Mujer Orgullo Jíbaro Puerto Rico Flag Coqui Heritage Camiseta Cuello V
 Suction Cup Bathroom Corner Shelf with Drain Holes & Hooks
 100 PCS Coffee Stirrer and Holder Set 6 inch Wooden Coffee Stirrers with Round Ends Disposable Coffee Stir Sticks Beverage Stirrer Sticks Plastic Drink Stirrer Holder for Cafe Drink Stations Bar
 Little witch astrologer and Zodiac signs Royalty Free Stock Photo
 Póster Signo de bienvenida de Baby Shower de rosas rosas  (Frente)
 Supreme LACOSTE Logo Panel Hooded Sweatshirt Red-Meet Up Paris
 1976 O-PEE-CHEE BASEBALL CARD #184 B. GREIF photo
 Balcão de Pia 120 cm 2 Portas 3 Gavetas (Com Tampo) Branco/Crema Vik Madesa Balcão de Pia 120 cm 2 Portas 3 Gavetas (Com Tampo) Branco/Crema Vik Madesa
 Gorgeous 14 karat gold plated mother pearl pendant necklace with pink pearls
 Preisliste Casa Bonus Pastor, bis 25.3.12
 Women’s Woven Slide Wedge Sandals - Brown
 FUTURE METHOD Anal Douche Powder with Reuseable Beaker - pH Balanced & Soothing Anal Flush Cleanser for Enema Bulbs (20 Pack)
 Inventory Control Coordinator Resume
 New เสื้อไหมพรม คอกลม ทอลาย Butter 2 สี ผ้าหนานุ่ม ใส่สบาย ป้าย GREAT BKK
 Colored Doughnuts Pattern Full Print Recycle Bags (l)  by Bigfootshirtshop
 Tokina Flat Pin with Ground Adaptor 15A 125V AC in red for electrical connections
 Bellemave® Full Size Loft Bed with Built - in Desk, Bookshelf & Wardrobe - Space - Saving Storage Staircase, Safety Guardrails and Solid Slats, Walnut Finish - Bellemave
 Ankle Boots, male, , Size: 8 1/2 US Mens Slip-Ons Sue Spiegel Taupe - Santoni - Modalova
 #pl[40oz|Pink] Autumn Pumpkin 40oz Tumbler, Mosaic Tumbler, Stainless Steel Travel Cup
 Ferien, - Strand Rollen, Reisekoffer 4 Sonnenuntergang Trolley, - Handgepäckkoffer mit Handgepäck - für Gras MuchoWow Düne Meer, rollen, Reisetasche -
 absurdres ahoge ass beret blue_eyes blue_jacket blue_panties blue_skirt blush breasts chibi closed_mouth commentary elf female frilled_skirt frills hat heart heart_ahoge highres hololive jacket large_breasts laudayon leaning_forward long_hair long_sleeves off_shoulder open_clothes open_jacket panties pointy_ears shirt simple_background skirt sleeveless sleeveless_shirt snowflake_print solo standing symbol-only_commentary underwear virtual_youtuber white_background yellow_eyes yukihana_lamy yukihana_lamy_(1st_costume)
※ ※ ※
About this exercise: The records must be given again in full, exactly as they were written.

Your solution:
Mujer Orgullo Jíbaro Puerto Rico Flag Coqui Heritage Camiseta Cuello V
 Suction Cup Bathroom Corner Shelf with Drain Holes & Hooks
 100 PCS Coffee Stirrer and Holder Set 6 inch Wooden Coffee Stirrers with Round Ends Disposable Coffee Stir Sticks Beverage Stirrer Sticks Plastic Drink Stirrer Holder for Cafe Drink Stations Bar
 Little witch astrologer and Zodiac signs Royalty Free Stock Photo
 Póster Signo de bienvenida de Baby Shower de rosas rosas  (Frente)
 Supreme LACOSTE Logo Panel Hooded Sweatshirt Red-Meet Up Paris
 1976 O-PEE-CHEE BASEBALL CARD #184 B. GREIF photo
 Balcão de Pia 120 cm 2 Portas 3 Gavetas (Com Tampo) Branco/Crema Vik Madesa Balcão de Pia 120 cm 2 Portas 3 Gavetas (Com Tampo) Branco/Crema Vik Madesa
 Gorgeous 14 karat gold plated mother pearl pendant necklace with pink pearls
 Preisliste Casa Bonus Pastor, bis 25.3.12
 Women’s Woven Slide Wedge Sandals - Brown
 FUTURE METHOD Anal Douche Powder with Reuseable Beaker - pH Balanced & Soothing Anal Flush Cleanser for Enema Bulbs (20 Pack)
 Inventory Control Coordinator Resume
 New เสื้อไหมพรม คอกลม ทอลาย Butter 2 สี ผ้าหนานุ่ม ใส่สบาย ป้าย GREAT BKK
 Colored Doughnuts Pattern Full Print Recycle Bags (l)  by Bigfootshirtshop
 Tokina Flat Pin with Ground Adaptor 15A 125V AC in red for electrical connections
 Bellemave® Full Size Loft Bed with Built - in Desk, Bookshelf & Wardrobe - Space - Saving Storage Staircase, Safety Guardrails and Solid Slats, Walnut Finish - Bellemave
 Ankle Boots, male, , Size: 8 1/2 US Mens Slip-Ons Sue Spiegel Taupe - Santoni - Modalova
 #pl[40oz|Pink] Autumn Pumpkin 40oz Tumbler, Mosaic Tumbler, Stainless Steel Travel Cup
 Ferien, - Strand Rollen, Reisekoffer 4 Sonnenuntergang Trolley, - Handgepäckkoffer mit Handgepäck - für Gras MuchoWow Düne Meer, rollen, Reisetasche -
 absurdres ahoge ass beret blue_eyes blue_jacket blue_panties blue_skirt blush breasts chibi closed_mouth commentary elf female frilled_skirt frills hat heart heart_ahoge highres hololive jacket large_breasts laudayon leaning_forward long_hair long_sleeves off_shoulder open_clothes open_jacket panties pointy_ears shirt simple_background skirt sleeveless sleeveless_shirt snowflake_print solo standing symbol-only_commentary underwear virtual_youtuber white_background yellow_eyes yukihana_lamy yukihana_lamy_(1st_costume)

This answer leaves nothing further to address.